Maraş merkezli depremlerin ardından depremin yıkıcı etkilerinin en ciddi şekilde hissedildiği iller, aynı zamanda mülteci ve göçmen nüfusun yoğun olarak yaşadığı şehirler.
Resmî rakamlara göre, bölgede Geçici Koruma Statüsüyle (GKS) bulunan Suriyelilerin nüfusu 1 milyon 738 bin 35. Bu rakam Türkiye’de yaşayan GKS sahibi Suriyelilerin yüzde 49,64’üne tekabül ediyor yani Türkiye’de GKS ile kayıtlı Suriyelilerin neredeyse yarısı depremden doğrudan etkilenmiş durumda.
Deprem sonrası afet müdahalesinde ‘yabancı uyruklu’ ya da ‘mülteci’ olarak değil, birer afetzede olarak görülmeleri gereken Suriyelilerin, bu süreçte çok katmanlı ayrımcılıklara/nefret söylemine, bazı durumlarda ise fiziksel şiddete, lince ve işkenceye maruz bırakıldığına tanık olduk.
Özellikle göçmen karşıtlığıyla bilinen Zafer Partisi’nin öncülük ettiği nefret söylemi ve saldırı girişimleri, mültecileri hedef göstererek ve mevcut gerilimleri artırarak daha da güvensiz bir afet sonrası ortam yarattı.
GÖÇ ARAŞTIRMALARI DERNEĞİ’NDEN (GAR) GÖÇ VE DEPREM RAPORU
Göç Araştırmaları Derneği (GAR), Maraş depreminin ardından deprem bölgesindeki mülteci ve göçmenlerin durumuna ilişkin gözlem ve tespitlerini kamuoyuyla paylaştı.
23-27 Şubat tarihleri arasında Maraş’tan başlayarak Mersin’e uzanan deprem bölgesinden izlenimlerini raporlaştıran Prof. Dr. Deniz Sert, Doç. Dr. Didem Danış ve Dr. Eda Sevinin mülteci ve göçmenlerin karşı karşıya kaldığı en önemli iki ana sorunun nefret söylemi/düşmanlaştırma ile barınma sorunu olduğuna dikkat çekti.

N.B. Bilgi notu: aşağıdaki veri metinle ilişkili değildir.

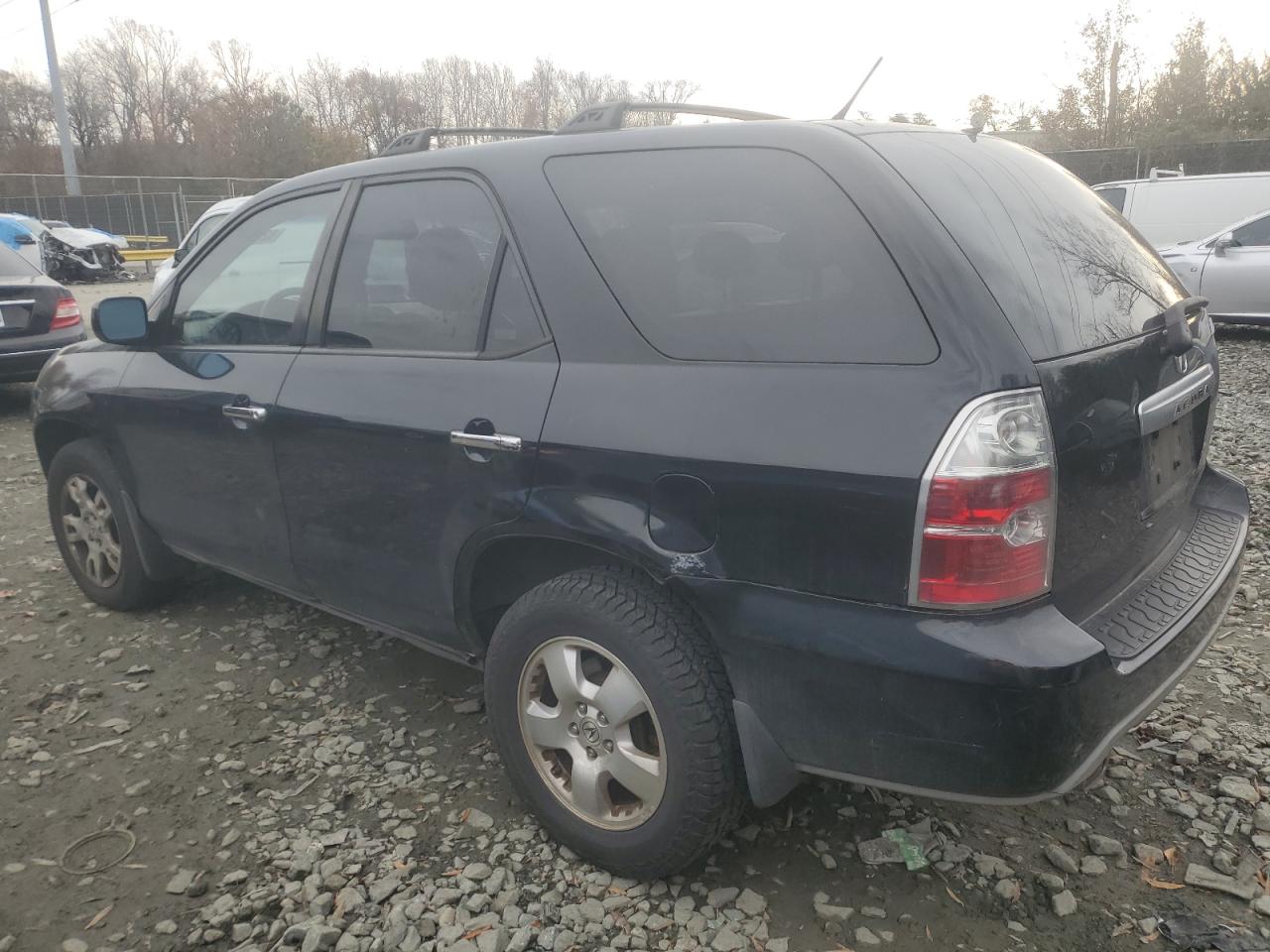 2004 Acura MDX - Image 2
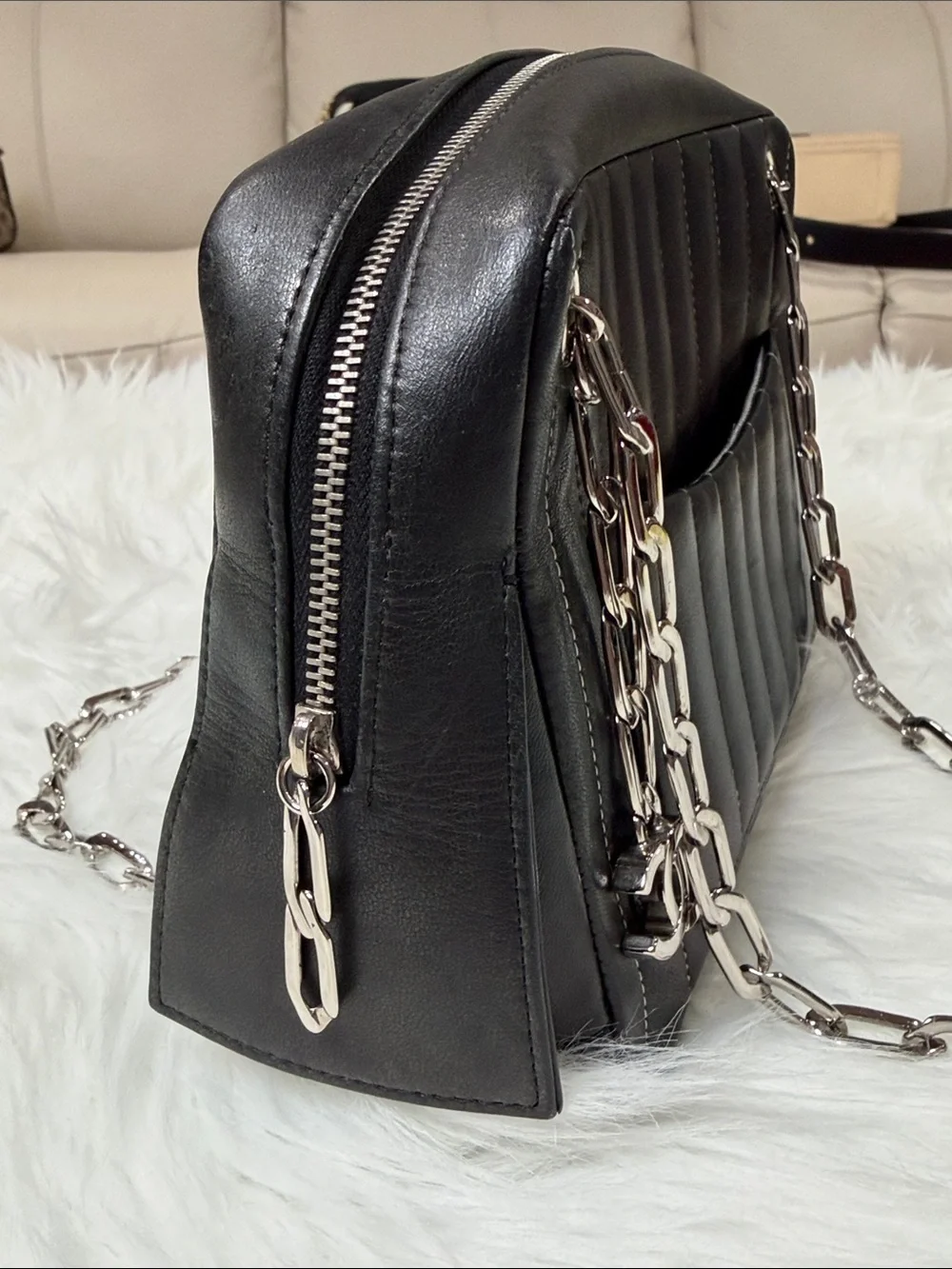 💯Authentic Chanel Black Leather Camera Shoulder Bag Silver CC Chain Charm🍀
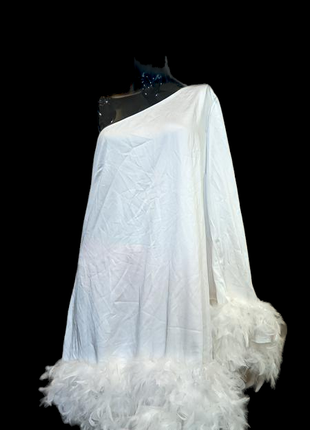 Гламурное платье на одно плечо с перьями премиум класса8 фото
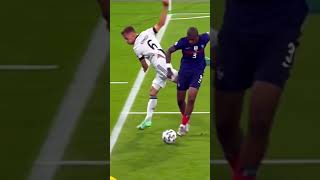 Kante And Kimpembe Working Together To Stop Kimmich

‘Göç ve Deprem- Durum Tespit Raporu’nda acil yardımların ulaştırılmasında, Suriyeli nüfusun görünmezleştiğini ve ciddi ayrımcılıklara maruz bırakıldığına vurgu yapan Göç Araştırmaları Derneği (GAR), söz konusu Suriyeliler olduğunda, acil insani yardımın ‘ayrım gözetmeme’ ve ‘tarafsızlık’ ilkelerine riayet edilmediğini aktardı.
SURİYELİLER İÇİN TRAVMA: İKİNCİ KEZ YERİNDEN EDİLME
Bölgeden ayrılanların karşılaştıkları sorunların yanı sıra, deprem bölgesinde kalmaya devam eden Suriyelilerin de ciddi hak ihlalleriyle karşılaştığını gözlemlediklerini söyleyen Doç. Dr. Didem Danış “Bunlardan en yakıcısı birden çok kez yerinden edilme olarak adlandırılabilir. Hali hazırda savaş sebebiyle yerinden edilmiş ve Türkiye’de yeni bir hayat kurma konusunda pek çok problemle karşı karşıya kalmış kişilerin depremle birlikte bir kez daha evlerinden ve yerlerinden edildiklerine tanık olduk. Bu durum Suriyeliler için tekerrür eden ve müdahale edilmeyen bir travmaya dönüşmüş durumda” dedi.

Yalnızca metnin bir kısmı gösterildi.